WHAT NEEDS TO BE DONE:
Please print all the lines below exactly as they are written.

++++ EXTRACTED DATA ++++

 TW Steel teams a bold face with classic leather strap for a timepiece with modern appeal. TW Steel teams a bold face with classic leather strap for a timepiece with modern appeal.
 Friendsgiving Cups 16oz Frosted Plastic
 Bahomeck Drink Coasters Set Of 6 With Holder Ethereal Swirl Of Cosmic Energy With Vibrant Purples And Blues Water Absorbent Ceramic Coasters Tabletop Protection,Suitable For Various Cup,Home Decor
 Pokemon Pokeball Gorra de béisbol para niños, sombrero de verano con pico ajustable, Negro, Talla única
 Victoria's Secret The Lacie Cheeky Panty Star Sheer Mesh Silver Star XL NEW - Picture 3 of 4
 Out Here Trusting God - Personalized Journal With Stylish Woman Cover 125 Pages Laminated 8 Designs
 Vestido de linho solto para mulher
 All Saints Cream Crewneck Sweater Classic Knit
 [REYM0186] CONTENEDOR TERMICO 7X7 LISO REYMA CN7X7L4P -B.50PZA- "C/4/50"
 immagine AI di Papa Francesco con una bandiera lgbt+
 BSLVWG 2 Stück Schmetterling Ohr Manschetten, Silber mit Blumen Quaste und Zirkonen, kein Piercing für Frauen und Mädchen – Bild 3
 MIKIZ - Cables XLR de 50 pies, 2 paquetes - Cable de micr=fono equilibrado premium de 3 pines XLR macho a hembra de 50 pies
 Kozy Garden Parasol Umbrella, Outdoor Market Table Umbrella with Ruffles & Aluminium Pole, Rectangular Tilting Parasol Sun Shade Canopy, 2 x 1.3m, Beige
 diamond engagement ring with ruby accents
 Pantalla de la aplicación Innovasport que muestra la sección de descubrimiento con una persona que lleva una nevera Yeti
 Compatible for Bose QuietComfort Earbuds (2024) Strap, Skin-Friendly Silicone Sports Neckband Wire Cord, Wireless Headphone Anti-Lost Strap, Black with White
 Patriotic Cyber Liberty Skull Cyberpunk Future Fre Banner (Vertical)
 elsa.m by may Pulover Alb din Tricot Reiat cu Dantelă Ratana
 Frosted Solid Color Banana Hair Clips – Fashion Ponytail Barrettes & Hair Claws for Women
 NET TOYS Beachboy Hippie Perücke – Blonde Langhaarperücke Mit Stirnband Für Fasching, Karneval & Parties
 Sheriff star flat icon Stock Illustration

++++

RESPONSE TO THIS EXERCISE:
 TW Steel teams a bold face with classic leather strap for a timepiece with modern appeal. TW Steel teams a bold face with classic leather strap for a timepiece with modern appeal.
 Friendsgiving Cups 16oz Frosted Plastic
 Bahomeck Drink Coasters Set Of 6 With Holder Ethereal Swirl Of Cosmic Energy With Vibrant Purples And Blues Water Absorbent Ceramic Coasters Tabletop Protection,Suitable For Various Cup,Home Decor
 Pokemon Pokeball Gorra de béisbol para niños, sombrero de verano con pico ajustable, Negro, Talla única
 Victoria's Secret The Lacie Cheeky Panty Star Sheer Mesh Silver Star XL NEW - Picture 3 of 4
 Out Here Trusting God - Personalized Journal With Stylish Woman Cover 125 Pages Laminated 8 Designs
 Vestido de linho solto para mulher
 All Saints Cream Crewneck Sweater Classic Knit
 [REYM0186] CONTENEDOR TERMICO 7X7 LISO REYMA CN7X7L4P -B.50PZA- "C/4/50"
 immagine AI di Papa Francesco con una bandiera lgbt+
 BSLVWG 2 Stück Schmetterling Ohr Manschetten, Silber mit Blumen Quaste und Zirkonen, kein Piercing für Frauen und Mädchen – Bild 3
 MIKIZ - Cables XLR de 50 pies, 2 paquetes - Cable de micr=fono equilibrado premium de 3 pines XLR macho a hembra de 50 pies
 Kozy Garden Parasol Umbrella, Outdoor Market Table Umbrella with Ruffles & Aluminium Pole, Rectangular Tilting Parasol Sun Shade Canopy, 2 x 1.3m, Beige
 diamond engagement ring with ruby accents
 Pantalla de la aplicación Innovasport que muestra la sección de descubrimiento con una persona que lleva una nevera Yeti
 Compatible for Bose QuietComfort Earbuds (2024) Strap, Skin-Friendly Silicone Sports Neckband Wire Cord, Wireless Headphone Anti-Lost Strap, Black with White
 Patriotic Cyber Liberty Skull Cyberpunk Future Fre Banner (Vertical)
 elsa.m by may Pulover Alb din Tricot Reiat cu Dantelă Ratana
 Frosted Solid Color Banana Hair Clips – Fashion Ponytail Barrettes & Hair Claws for Women
 NET TOYS Beachboy Hippie Perücke – Blonde Langhaarperücke Mit Stirnband Für Fasching, Karneval & Parties
 Sheriff star flat icon Stock Illustration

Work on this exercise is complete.